Structured State Space Model Dynamics and Parametrization for Spiking Neural Networks
By: Maxime Fabre, Lyubov Dudchenko, Emre Neftci
Potential Business Impact:
Makes brain-like computers learn faster and better.
Multi-state spiking neurons such as the adaptive leaky integrate-and-fire (AdLIF) neuron offer compelling alternatives to conventional deep learning models thanks to their sparse binary activations, second-order nonlinear recurrent dynamics, and efficient hardware realizations. However, such internal dynamics can cause instabilities during inference and training, often limiting performance and scalability. Meanwhile, state space models (SSMs) excel in long sequence processing using linear state-intrinsic recurrence resembling spiking neurons' subthreshold regime. Here, we establish a mathematical bridge between SSMs and second-order spiking neuron models. Based on structure and parametrization strategies of diagonal SSMs, we propose two novel spiking neuron models. The first extends the AdLIF neuron through timestep training and logarithmic reparametrization to facilitate training and improve final performance. The second additionally brings initialization and structure from complex-state SSMs, broadening the dynamical regime to oscillatory dynamics.
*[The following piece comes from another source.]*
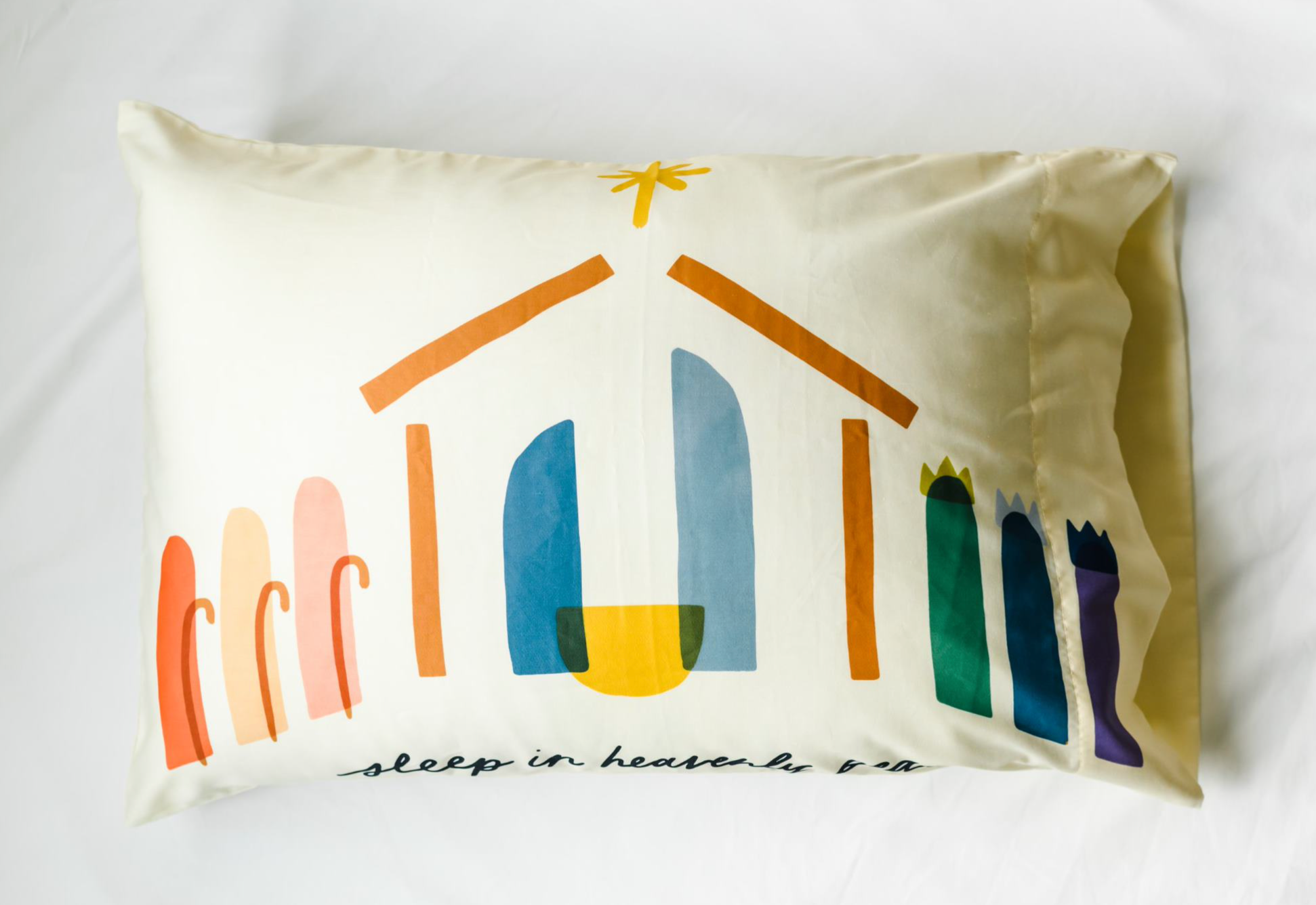 Sleep in Heavenly Peace Nativity Pillowcase, , large image number 1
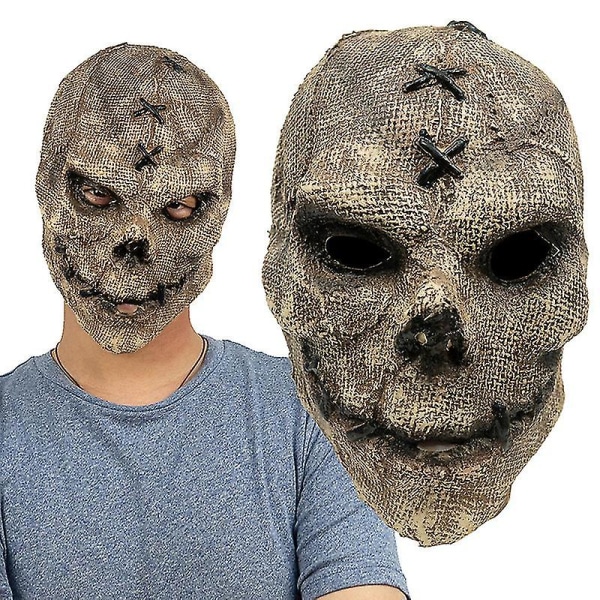 Scary Skull Päähineet Uutuus Latex Masque Halloween -asujen rekvisiitta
Together, our two models achieve beyond or near state-of-the-art (SOTA) performances for reset-based spiking neuron models across both event-based and raw audio speech recognition datasets. We achieve this with a favorable number of parameters and required dynamic memory while maintaining high activity sparsity. Our models demonstrate enhanced scalability in network size and strike a favorable balance between performance and efficiency with respect to SSM models.